### Required action
Output, exactly as written, the lines of the data below from the one containing "Kleid mit Kettenträgern" to the end.

(Working data Opens)

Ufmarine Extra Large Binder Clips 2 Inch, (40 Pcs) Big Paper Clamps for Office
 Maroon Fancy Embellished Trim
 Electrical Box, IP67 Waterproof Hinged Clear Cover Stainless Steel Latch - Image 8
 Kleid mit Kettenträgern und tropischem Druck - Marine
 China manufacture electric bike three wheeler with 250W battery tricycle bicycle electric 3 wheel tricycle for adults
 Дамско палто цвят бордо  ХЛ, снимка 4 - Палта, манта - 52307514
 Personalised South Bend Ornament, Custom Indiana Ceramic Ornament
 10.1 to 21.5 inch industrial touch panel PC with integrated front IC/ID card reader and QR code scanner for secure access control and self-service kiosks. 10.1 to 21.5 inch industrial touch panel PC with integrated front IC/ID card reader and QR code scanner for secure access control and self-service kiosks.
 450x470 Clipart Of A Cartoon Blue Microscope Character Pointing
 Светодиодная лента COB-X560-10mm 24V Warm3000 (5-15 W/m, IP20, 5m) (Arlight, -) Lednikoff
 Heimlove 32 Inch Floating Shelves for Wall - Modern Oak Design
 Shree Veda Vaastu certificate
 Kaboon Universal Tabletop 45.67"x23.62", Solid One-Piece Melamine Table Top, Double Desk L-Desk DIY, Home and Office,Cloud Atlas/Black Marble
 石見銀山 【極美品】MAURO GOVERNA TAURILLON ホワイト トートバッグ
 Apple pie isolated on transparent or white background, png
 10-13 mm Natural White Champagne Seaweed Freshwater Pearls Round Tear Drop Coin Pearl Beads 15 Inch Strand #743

(Working data Closes)

### Exercise solution
 Kleid mit Kettenträgern und tropischem Druck - Marine
 China manufacture electric bike three wheeler with 250W battery tricycle bicycle electric 3 wheel tricycle for adults
 Дамско палто цвят бордо  ХЛ, снимка 4 - Палта, манта - 52307514
 Personalised South Bend Ornament, Custom Indiana Ceramic Ornament
 10.1 to 21.5 inch industrial touch panel PC with integrated front IC/ID card reader and QR code scanner for secure access control and self-service kiosks. 10.1 to 21.5 inch industrial touch panel PC with integrated front IC/ID card reader and QR code scanner for secure access control and self-service kiosks.
 450x470 Clipart Of A Cartoon Blue Microscope Character Pointing
 Светодиодная лента COB-X560-10mm 24V Warm3000 (5-15 W/m, IP20, 5m) (Arlight, -) Lednikoff
 Heimlove 32 Inch Floating Shelves for Wall - Modern Oak Design
 Shree Veda Vaastu certificate
 Kaboon Universal Tabletop 45.67"x23.62", Solid One-Piece Melamine Table Top, Double Desk L-Desk DIY, Home and Office,Cloud Atlas/Black Marble
 石見銀山 【極美品】MAURO GOVERNA TAURILLON ホワイト トートバッグ
 Apple pie isolated on transparent or white background, png
 10-13 mm Natural White Champagne Seaweed Freshwater Pearls Round Tear Drop Coin Pearl Beads 15 Inch Strand #743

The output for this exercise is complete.